By default, this searches for any categories containing your search term: eg, Tudor will also find Tudors, Tudor History, etc. Check the 'exact' box to restrict searching to categories exactly matching your search. All searches are case-insensitive.

This is a search for tags/categories assigned to blog posts by their authors. The terminology used for post tags varies across different blog platforms, but WordPress tags and categories, Blogspot labels, and Tumblr tags are all included.

This search feature has a number of purposes:

1. to give site users improved access to the content EMC has been aggregating since August 2012, so they can look for bloggers posting on topics they're interested in, explore what's happening in the early modern blogosphere, and so on.

2. to facilitate and encourage the proactive use of post categories/tags by groups of bloggers with shared interests. All searches can be bookmarked for reference, making it possible to create useful resources of blogging about specific news, topics, conferences, etc, in a similar fashion to Twitter hashtags. Bloggers could agree on a shared tag for posts, or an event organiser could announce one in advance, as is often done with Twitter hashtags.

Caveats and Work in Progress

This does not search post content, and it will not find any informal keywords/hashtags within the body of posts.

If EMC doesn't find any <category> tags for a post in the RSS feed it is classified as uncategorized. These and any <category> 'uncategorized' from the feed are omitted from search results. (It should always be borne in mind that some bloggers never use any kind of category or tag at all.)

This will not be a 'real time' search, although EMC updates content every few hours so it's never very far behind events.

The search is at present quite basic and limited. I plan to add a number of more sophisticated features in the future including the ability to filter by blog tags and by dates. I may also introduce RSS feeds for search queries at some point.

Constructing Search Query URLs

If you'd like to use an event tag, it's possible to work out in advance what the URL will be, without needing to visit EMC and run the search manually (though you might be advised to check it works!). But you'll need to use URL encoding as appropriate for any spaces or punctuation in the tag (so it might be a good idea to avoid them).

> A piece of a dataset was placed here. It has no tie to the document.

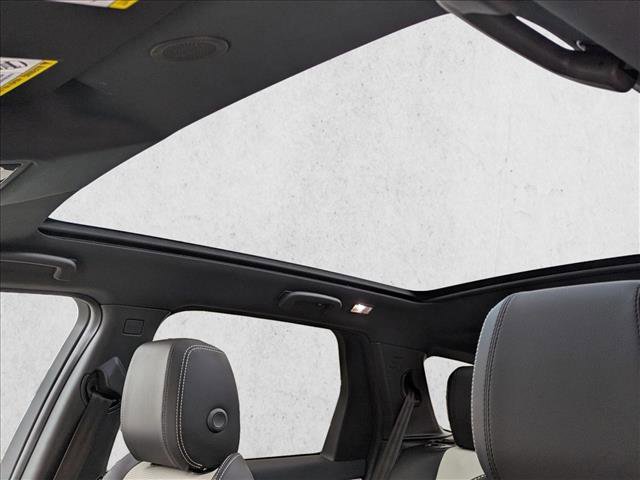 New 2026 Land Rover Discovery Sport Landmark image 15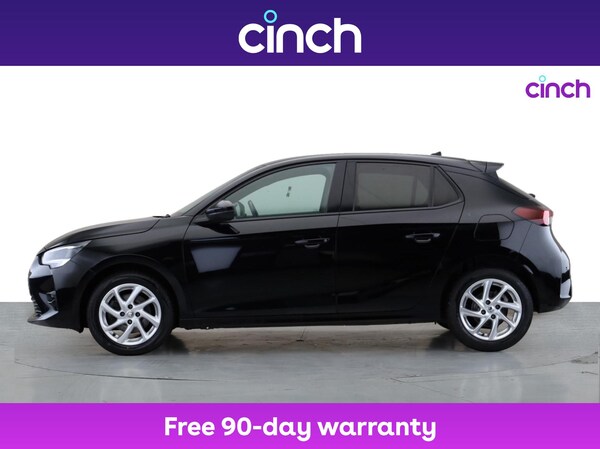 Used Vauxhall Corsa 2020 for sale - 76155403: Photo 8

This is the basic structure:

http://emc.historycarnival.org/searchcat?s={search term or phrase}

For example, the URL for a simple search for categories containing London:

http://emc.historycarnival.org/searchcat?s=london

The URL for a search for the exact category Gunpowder Plot:

http://emc.historycarnival.org/searchcat?s=Gunpowder%20Plot&exact=on

In this more complex URL, %20 is the URL encoding for a space between words and &exact=on adds the exact category requirement.

I'll do my best to ensure that the basic URL construction (searchcat?s=...) is stable and persistent as long as the site is around.